Giorgio Napolitano, come lascia capire chiaramente Gianni Letta, non fu l'uomo del complotto ai danni dell'ultimo governo Berlusconi. La nota di Paola Sacchi.

I funerali sono spesso occasione di bilanci, di messaggi per il futuro e per ristabilire punti di chiarezza. Quelli laici di Giorgio Napolitano, la cui vita ha attraversato quasi un secolo, sono stati l’omaggio a un uomo che abbracciò “la politica come ideale, passione e professione”, che non amava “la demagogia”, “che fece battaglie giuste e sostenne anche cause sbagliate”, come ha detto il figlio Giulio Napolitano.

Ma le esequie sono state anche il bilancio degli anni da presidente della Repubblica, il primo che accettò il sacrificio del secondo mandato, in cui si trovò a confrontarsi con un uomo così profondamente diverso da lui come Silvio Berlusconi. Chi meglio di Gianni Letta, l’amico di una vita del Cavaliere, il sottosegretario plenipotenziario alla presidenza del Consiglio dei governi Berlusconi e in particolare anche dell’ultimo terminato prima del tempo nel 2011, può ora ristabilire che non ci fu da parte di quel Capo dello Stato, che aveva “così a cuore le istituzioni”, quel complotto, con l’arrivo successivo di Mario Monti, di cui i media di area di destracentro sono tornati a incolparlo anche ora da morto?

Letta non usa certamente il termine “complotto” e si esprime con il suo stile vellutato ma denso di contenuti e messaggi futuri. Invita a quel “bipolarismo mite”, tra maggioranza e opposizione con la diversità ma anche il rispetto reciproco, che tutta la sua opera in politica impersonifica. È molto chiaro quando dice che “il fortissimo senso dello Stato, delle istituzioni non è mai venuto meno da parte di Napolitano, uomo dalla storia di parte, che ha amato l’Italia, nelle prove più difficili per lui, come il confronto con i governi Berlusconi”.

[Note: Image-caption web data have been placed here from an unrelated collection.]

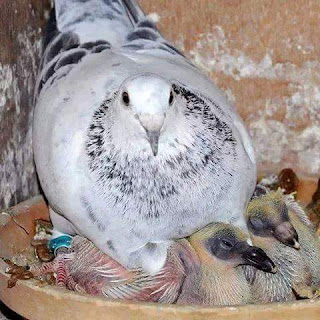 FB_IMG_1469523940756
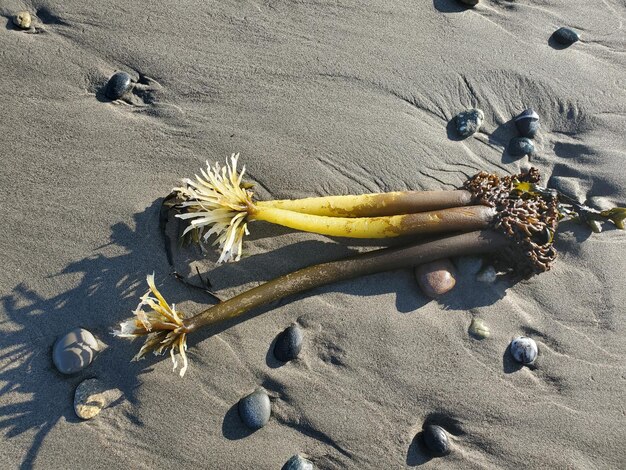 Hooghoekbeeld van gele bloemen op zand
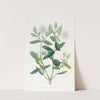 Privet-leaved Pimelea by Sydenham Edwards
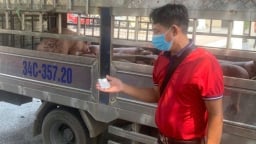 Phú Thọ lập đoàn kiểm tra công tác phòng, chống dịch bệnh động vật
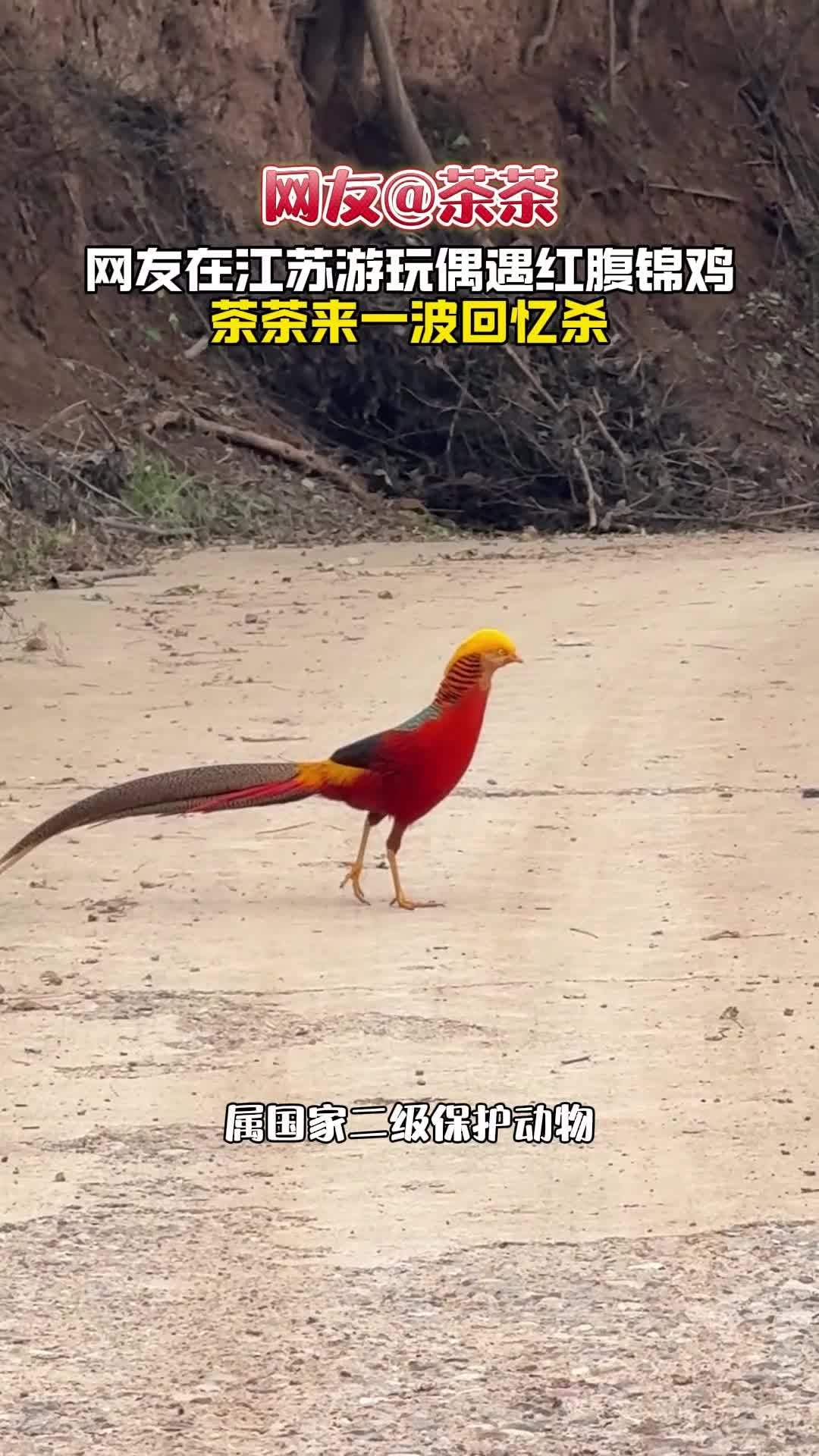 网友在江苏游玩偶遇红腹锦鸡，茶茶来一波回忆杀 茶茶野保法宣 野生动物零距离 网友在江苏游玩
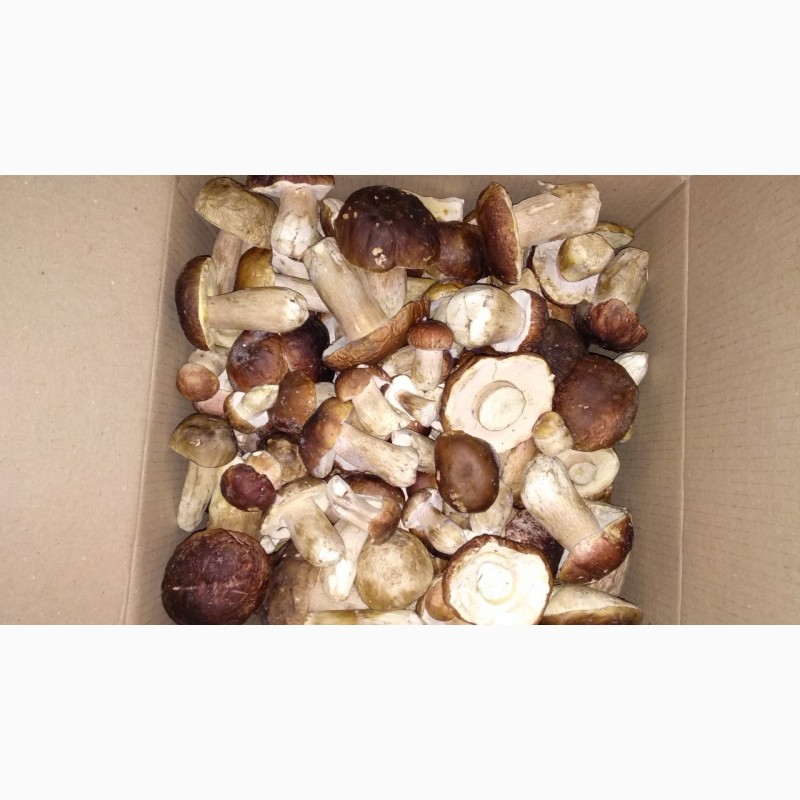Фото 2. Белые грибы замороженные (целые, В/с, 1-й сорт 2-й сорт)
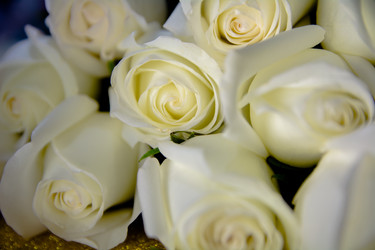 Similar image 21953420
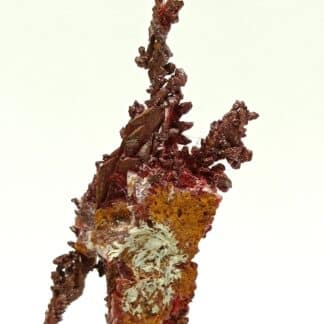 Cuprite sur Cuivre natif, Mine Ray, Yuma, Arizona, USA (États-Unis).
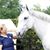 Jayne H Fingerhut's profile image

Prosegue Gianni Letta: “Nel rapporto tra Napolitano e Berlusconi non è mai venuta meno la volontà e la forza di mantenere il rapporto nei binari della correttezza istituzionale e così fu: lo posso dire in coscienza perché ne sono personalmente testimone. Questo consentì di affrontare ogni questione, anche le più difficili, di comporre le divergenze”. Conclusione da credente quale il dottor Letta, come lo chiamano, da sempre è: “Berlusconi e Napolitano sono scomparsi a tre mesi l’uno dall’altro. Mi piace immaginare che incontrandosi lassù possano dirsi forse quello che non si dissero quaggiù e, placata ogni polemica, possano anche chiarirsi e ritrovarsi nella luce”.

Ma l’ex sottosegretario alla presidenza del Consiglio, che molti e non solo di centrodestra da sempre hanno visto nella rosa dei papabili per il Colle – il cui messaggio oggettivamente contrasta seccamente con le forti critiche al presidente emerito da parte di alcuni giornali considerati vicini all’attuale maggioranza di governo di destracentro – invita, tratteggiando la figura di Napolitano, a quel confronto “tra maggioranza e opposizione che non dovrebbe mai essere distruttivo”. Nel “rispetto della volontà popolare”. Quest’ultimo suona come un messaggio implicito alle opposizioni di sinistra. La necessità di fare le riforme, cosa alla quale spronò anche con energia Napolitano accettando il sacrificio, prima di Sergio Mattarella, del secondo mandato, viene sottolineata dall’intervento commosso della ex senatrice Anna Finocchiaro, proveniente dal Pci come Napolitano.

Resta il ricordo di quell’ex comunista migliorista, purtroppo mai ricordato in questi giorni nei TG e sui media, che cercò, come gli ha dato atto la stessa senatrice di FI, presidente della commissione Esteri e Difesa, Stefania Craxi, “di ricomporre la frattura a sinistra”, come il suo papà Bettino. Napolitano non solo riconobbe nel 2010 che per Craxi si usò negli anni di Tangentopoli “una durezza senza eguali”, ma nel 2013 partecipò a sorpresa, restando in silenzio, da Capo dello Stato, a un convegno in Senato della Fondazione Craxi per il trentesimo anniversario del governo Craxi, come la cronista riportò in un articolo per Panorama, allora del Gruppo Mondadori.

E Napolitano, come lascia capire chiaramente Letta, non fu l’uomo del complotto ai danni dell’ultimo governo Berlusconi. Maurizio Gasparri, big di Forza Italia, a quei tempi presidente del Pdl in Senato, ora vicepresidente di Palazzo Madama – che nella cerimonia siede con l’omologo azzurro alla Camera, Giorgio Mulè, vicino agli oratori, ai presidenti Lorenzo Fontana e Ignazio La Russa, mentre sui banchi del governo ci sono il premier Giorgia Meloni con i vicepremier Matteo Salvini e Antonio Tajani – in Transatlantico, conclusi i funerali laici, con i cronisti è più che esplicito. Facendo paragoni calcistici sulla Roma e la Lazio, afferma: “Napolitano? Da lui mi dividevano la diversità politica, alcune posizioni, ma, per favore, andare a chiedere a Gianfranco Fini e ad altri parlamentari del Pdl come finì. La verità va detta”.

La stessa obiettiva ricostruzione storica l’ha ricordata in questi giorni Gianfranco Rotondi, storico parlamentare dc, eletto nel centrodestra da FdI. La spallata contro il governo Berlusconi, capeggiata da Fini e da altri parlamentari di destra e non solo nel Pdl, fallì per soli 14 voti. Napolitano fu persino accusato di aver fatto in modo che la votazione fosse ritardata per permettere a Berlusconi di stabilizzare il suo governo. Fatti, non opinioni. E le divergenze di Fini rispetto a Berlusconi erano di antica origine, iniziarono a nascere da quando Napolitano non era ancora presidente della Repubblica.